[erlang-questions] A question of style

Thu Mar 19 01:43:04 CET 2015

On 18/03/2015, at 2:55 am, Joe Armstrong <erlang@REDACTED> wrote:
> The other day I was writing a program that called some library code
> that I had written.
> 
> The library had a routine that could parse a string:
> 
>    -module(my_lib).
>    -export([parse_string/1]).
>     ...
> 
> In the code I was writing I had a binary B containing a string that I
> wanted parsing.

For one thing, it's always possible to have
two modules:

   -module(my_lib_core).
   -export(... only the things that *have* to be exported ...).

   -module(my_lib).
   -export(... everything from my_lib_core ...)
   -export(... a whole bunch of convenience functions ...).

A module should encapsulate something, hide some information.
If it is impossible or very difficult to implement some
function without access to that information, then that
function, or something to support it, belongs in the module.
Also if putting the function (or support element) inside the
module will make a practically important difference to space
or time costs, consider putting it in the module.

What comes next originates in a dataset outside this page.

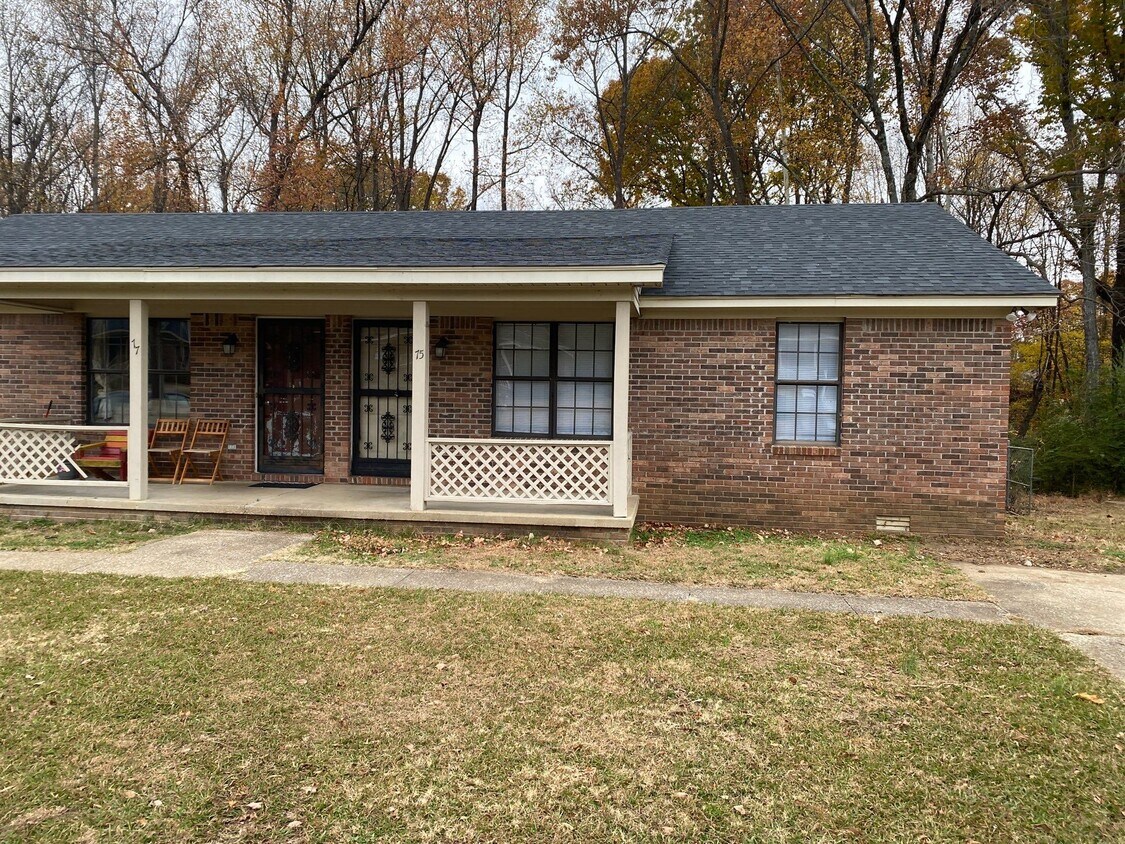 Foto principal - 75 Rushwood Dr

Otherwise, if something *can* stay outside the core module,
it *should* stay outside the core.

One important exception is if you decide to change the
interface.  If you found that parse_binary/1 was needed
more often than parse_string/1, you might make that the
core function, in which case the old function ought to
move out, but you might leave it in for a release or two
to support old clients.

Doing this keeps the core simpler, easier to test, and easier
to document.  It also makes the core *easier to use*, in the
sense that someone who wants to use it has less to learn and
fewer mistakes to make.

In the case of string -vs- binary, the conversion *can* be
done outside the module, and it's not likely to make any
difference to performance putting it outside.

> So is this true:
> 
>    easy to use the library == not easy to understand the library code

It depends on what you mean by "easy to use".
If you mean "does not require writing much if any glue
code", possibly.  If you mean "easy to write code that
uses the library correctly", maybe not.

In the specific case of text, you are *never* going to
handle all the ways people might want to represent text.

Taking a Smalltalk perspective here,
if there is a parsing function, I would like
to be able to give it
 - a string
 - a stretchy string (think StringBuffer)
 - a decoded byte array
 - an external file
 - ...
and the best way to do that is to provide a
*stream* of characters.  Something that accepts that
is "easy to understand" (only one interface method)
and "easy to use".  I can use the *same* technique to
convert a character source to a stream no matter which
parser I'm giving it to:
    JSON parse: aString readStream
    XML parse: anotherString readStream
    (FileStream read: 'foo.json') bindOwn: [:s | JSON parse: s]
    (FileStream read: 'bar.xml' ) bindOwn: [:s | XML parse: s]
It's actually *better* than having a lot of so-called
convenience methods, because each thing that accepts a stream
can be combined with *any* way of making a character stream.

So I suggest a paradox: a "lean" module may be *easier* to
use than a "rich" module with a lot of special cases.

Hmm.  Excuse me while I go and rewrite a module or two...